Confession, which has fallen out of favor in the Catholic Church, is popular in the men's movement. Roberts, a former clergyman and now a management consultant, confesses he was "middle-age crazy" until he came to his senses and turned the experience to his advantage, including material for this book that "provides a map through the wilderness that has running through its center the 'soul's river.' " But this scattershot account of the rite of passage, the search for a true self with which to shuffle on manfully to life's finishing line, is disconcertingly self-promotional. Roberts loves to talk about himself, so the quest for wholeness gets squeezed out.
Father Richard Rohr's Quest for the Grail (Crossroad) began life as a men's retreat, outdoors at that, in some remote forest. (I must declare myself here: I helped edit this book.) The quest legends came to life in Europe in the 12th and 13th centuries and "developed at precisely the time when the great gospel story was in eclipse and no longer reaching the ears or affecting the souls of baptized Christians," Rohr writes. Though neither churchy nor clerical, they drew wisdom and grace from the Christian collective unconscious, which has a way of living on when the institution is in occasional decline. "Neither did [they] waste time being anti-church or anti-clerical," Rohr goes on. Half the energy of most movements is wasted railing against their opposites, be they prochoice or prolife or your favorite political party. Instead, the Grail stories "moved boldly into a world of mystery and metaphor."
The author harks back to the curmudgeonly Danish theologian Soren Kierkegaard, who defined the tragic hero as the servant of conformity. Explains Rohr: "Whoever accepts the conventions for climbing the ladder, the progress myth of money and power, that is our tragic hero." Western males stumble into this trap between the ages of 20 and 35. Then it takes the rest of their lives to extricate themselves.
The Spirituality of Men: Sixteen Christians Write about Their Faith (Fortress Press) is a collection of different Protestant perspectives (one a former Catholic priest), all "active in the church," according to editor Philip L. Culbertson, but for various reasons elbowed out to the margins, "a safer place to be and, interestingly, it is a place where we meet again our Christian sisters who are also struggling."
A surprising number, including clergy, stumble into the men's movement in the wake of divorce. Mark Muesse is typical in other ways as well. He is highly educated. Like a smoker trying out remedies, he searched widely for solutions including the mythopoetic men's movement identified with poet Robert Bly, author of Iron John. Muesse was also typical in feeling lonely, alienated, and a bit desperate. And he is sadly typical in that he found his church of little help: "I had to become estranged from Christianity to find relief from my suffering."

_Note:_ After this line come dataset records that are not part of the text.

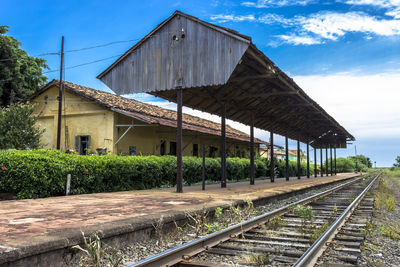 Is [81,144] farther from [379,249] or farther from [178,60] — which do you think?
[379,249]

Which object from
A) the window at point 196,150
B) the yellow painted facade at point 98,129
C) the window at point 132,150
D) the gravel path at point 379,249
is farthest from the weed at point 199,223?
the window at point 196,150

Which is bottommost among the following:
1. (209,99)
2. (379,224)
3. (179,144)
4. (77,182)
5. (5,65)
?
(379,224)

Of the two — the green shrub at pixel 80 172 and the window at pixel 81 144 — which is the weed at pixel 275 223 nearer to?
the green shrub at pixel 80 172

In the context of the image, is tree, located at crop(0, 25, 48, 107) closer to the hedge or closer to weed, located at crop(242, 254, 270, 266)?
the hedge

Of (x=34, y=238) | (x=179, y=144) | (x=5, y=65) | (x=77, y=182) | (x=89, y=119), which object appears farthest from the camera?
(x=5, y=65)

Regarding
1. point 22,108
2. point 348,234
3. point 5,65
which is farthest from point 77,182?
Answer: point 5,65

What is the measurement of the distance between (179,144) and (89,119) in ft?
36.7

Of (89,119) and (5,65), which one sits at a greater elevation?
(5,65)

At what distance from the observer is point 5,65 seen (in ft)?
107

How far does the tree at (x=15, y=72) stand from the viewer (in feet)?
105

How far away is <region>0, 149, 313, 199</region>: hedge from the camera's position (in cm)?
881

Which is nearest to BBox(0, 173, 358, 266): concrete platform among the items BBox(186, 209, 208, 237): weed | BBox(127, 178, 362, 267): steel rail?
BBox(186, 209, 208, 237): weed

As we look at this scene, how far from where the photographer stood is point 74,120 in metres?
21.4

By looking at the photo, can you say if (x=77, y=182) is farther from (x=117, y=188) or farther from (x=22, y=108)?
(x=22, y=108) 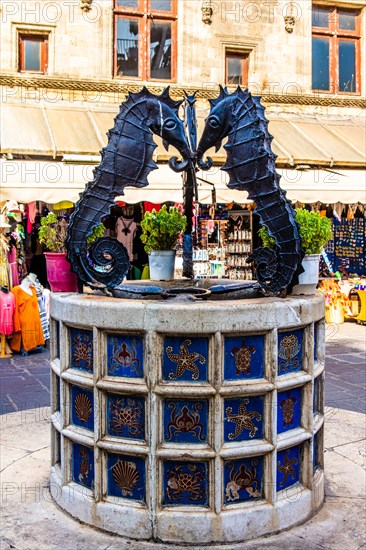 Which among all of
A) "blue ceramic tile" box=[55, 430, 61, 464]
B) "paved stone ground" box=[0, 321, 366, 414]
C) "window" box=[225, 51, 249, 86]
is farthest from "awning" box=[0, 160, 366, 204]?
"blue ceramic tile" box=[55, 430, 61, 464]

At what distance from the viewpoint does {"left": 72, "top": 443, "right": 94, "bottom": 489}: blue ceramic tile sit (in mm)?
3729

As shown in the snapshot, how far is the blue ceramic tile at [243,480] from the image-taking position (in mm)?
3535

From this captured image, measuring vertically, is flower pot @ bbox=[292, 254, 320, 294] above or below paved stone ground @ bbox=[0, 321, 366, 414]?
above

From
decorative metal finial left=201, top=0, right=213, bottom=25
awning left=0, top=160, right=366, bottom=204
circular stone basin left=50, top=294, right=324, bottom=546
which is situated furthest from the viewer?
decorative metal finial left=201, top=0, right=213, bottom=25

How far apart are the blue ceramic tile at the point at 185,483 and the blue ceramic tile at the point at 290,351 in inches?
27.7

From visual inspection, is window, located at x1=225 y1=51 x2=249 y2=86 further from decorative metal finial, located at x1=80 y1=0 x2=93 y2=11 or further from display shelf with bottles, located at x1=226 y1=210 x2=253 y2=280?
display shelf with bottles, located at x1=226 y1=210 x2=253 y2=280

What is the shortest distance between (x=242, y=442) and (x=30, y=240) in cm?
1120

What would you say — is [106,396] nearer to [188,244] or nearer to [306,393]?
[306,393]

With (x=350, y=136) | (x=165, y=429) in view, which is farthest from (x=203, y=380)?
(x=350, y=136)

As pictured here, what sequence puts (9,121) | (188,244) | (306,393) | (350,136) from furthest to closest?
(350,136) → (9,121) → (188,244) → (306,393)

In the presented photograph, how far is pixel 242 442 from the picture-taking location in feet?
11.6

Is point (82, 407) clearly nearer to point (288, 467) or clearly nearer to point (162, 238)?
point (288, 467)

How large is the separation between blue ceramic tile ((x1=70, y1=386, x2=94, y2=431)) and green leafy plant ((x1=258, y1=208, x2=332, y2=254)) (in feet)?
4.74

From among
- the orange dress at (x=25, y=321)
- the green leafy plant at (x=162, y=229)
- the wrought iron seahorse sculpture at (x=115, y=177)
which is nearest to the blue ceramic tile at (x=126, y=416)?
the wrought iron seahorse sculpture at (x=115, y=177) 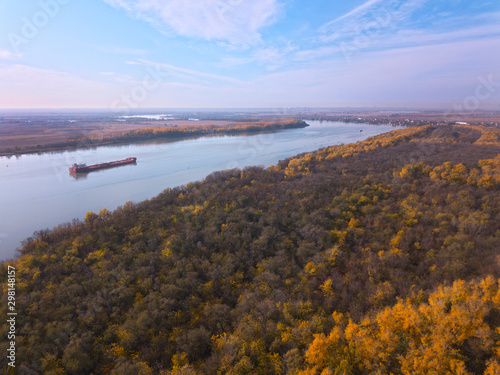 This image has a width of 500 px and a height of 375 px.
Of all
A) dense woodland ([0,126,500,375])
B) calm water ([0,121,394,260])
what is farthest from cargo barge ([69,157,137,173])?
dense woodland ([0,126,500,375])

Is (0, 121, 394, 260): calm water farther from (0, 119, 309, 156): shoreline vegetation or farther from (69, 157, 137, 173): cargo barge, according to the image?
(0, 119, 309, 156): shoreline vegetation

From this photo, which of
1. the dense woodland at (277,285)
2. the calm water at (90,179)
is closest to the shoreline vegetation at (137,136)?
the calm water at (90,179)

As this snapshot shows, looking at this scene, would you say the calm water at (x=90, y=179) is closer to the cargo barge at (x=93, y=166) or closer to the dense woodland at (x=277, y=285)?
the cargo barge at (x=93, y=166)

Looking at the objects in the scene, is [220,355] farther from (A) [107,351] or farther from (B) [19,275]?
(B) [19,275]

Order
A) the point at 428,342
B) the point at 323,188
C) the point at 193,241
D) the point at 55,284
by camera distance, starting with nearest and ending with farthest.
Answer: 1. the point at 428,342
2. the point at 55,284
3. the point at 193,241
4. the point at 323,188

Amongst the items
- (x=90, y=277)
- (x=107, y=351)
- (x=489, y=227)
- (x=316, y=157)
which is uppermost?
(x=316, y=157)

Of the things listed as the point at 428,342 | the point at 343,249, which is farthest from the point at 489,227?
the point at 428,342

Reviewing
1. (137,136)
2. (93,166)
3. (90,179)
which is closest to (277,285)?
(90,179)

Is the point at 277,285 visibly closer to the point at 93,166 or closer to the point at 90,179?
the point at 90,179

He found relief in Buddhist spirituality. Others found it elsewhere—the prevailing pattern, so frowned on by Catholic orthodoxy, is that there is no single solution.
Signposts: How to Be a Catholic Man in the World Today (The Word Among Us Press), by Bill Bawden and Tim Sullivan, is a more cozy approach to men's problems. "It is confusing to be a man today, particularly a Christian man," the authors concede. This book is a series of "lesson plans," carefully orchestrated, beginning with a prayer and ending with another. Each lesson poses a problem. Dan has always been a Catholic. Now he realizes he never felt himself worthy of God's love. What to do? The authors turn to scripture and the Catechism of the Catholic Church. If I were pope, I would send word down the line to these excellent men to jump on a trusty steed and go in search of a more challenging grail.
A title such as A Man's Journey to Simple Abundance (Scribner/Simple Abundance Press) could tempt a man with the same high hopes as the popular prosperity gospel that preaches that if you love Jesus you'll be rich and/or famous in no time. This journey is edited by Michael Segell, who plays second fiddle on the cover to Sarah Ban Breathnach, who is, it seems, a bestselling machine pushing "authentic success," which is less crass than sheer prosperity but still blessedly free from pain and want.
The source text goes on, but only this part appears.